As though it was a break, a blip that she will look back on with some fondness.
She's seen this moment over and over again, knew it was really only a matter of time before it happened.
She never imagined it could hurt like this.
She wants to respond, wants to refute his claims, wants to kick and scream and beg.
But he's right and she's frozen, rooted to the spot, the words trapped in her chest, the apologies and the pleas and the love all stuck behind the hard lump in her throat, the grief filling it all as though it never left.
And suddenly the room is spinning and her vision is tunneling and her chest is tight and oh no, not this, anything, anything but this.
And then she is moving, her feet somehow taking steps, her body moving out of his office. Out of his loft.
It takes a full minute for her brain to catch up and realize he is guiding her out, and by then they're all the way at the door.
He places her bag in her hand. She marvels at the fact that it doesn't simply fall off under the weight of it all.
When she still doesn't move, he opens the door for her.
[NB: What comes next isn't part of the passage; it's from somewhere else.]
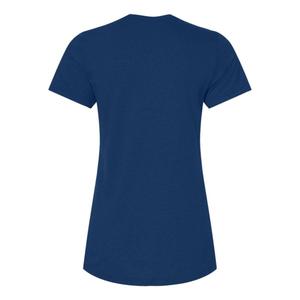 Женская футболка Gildan Softstyle CVC Floso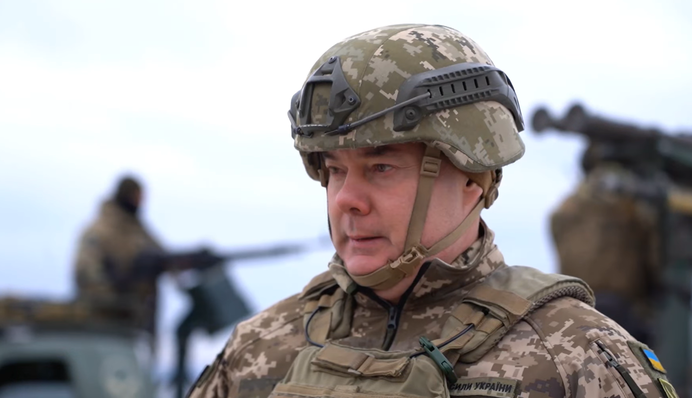Захист кордону на Сумщині посилено: генерал Наєв  відвідав оборонців північних рубежів і жителів прикордоння. Відео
He places a soft kiss on her cheek, and then his hand is on her back, softly guiding her out.
The door closes.
She finds herself exactly where she started.
Love and happiness on one side, her fight for justice – whatever that even means at this point – keeping her firmly on the other.
Eight years later she does take him down, just as his presidential campaign starts to pick up, just before he manages to squeak by and become the most powerful man in the world.
It's a victory, not just for her, but for all the other lives he's taken, all the parents and siblings and children whose lives he ruined.
For society at large, really.
She doesn't feel victorious.
It's two years after her father's death and all she feels is so very alone.
It's all over the news for weeks afterwards, of course, so she isn't terribly surprised when she receives a letter from him. Even though it's unsigned, even though it's been years and years – almost a decade, her mind ruefully provides – the penmanship is still unmistakable to her. The message even more so.
Kate,
I hope it brought you the peace you so deserved.
It didn't.
And she feels hollow with the realization that it could never have been enough.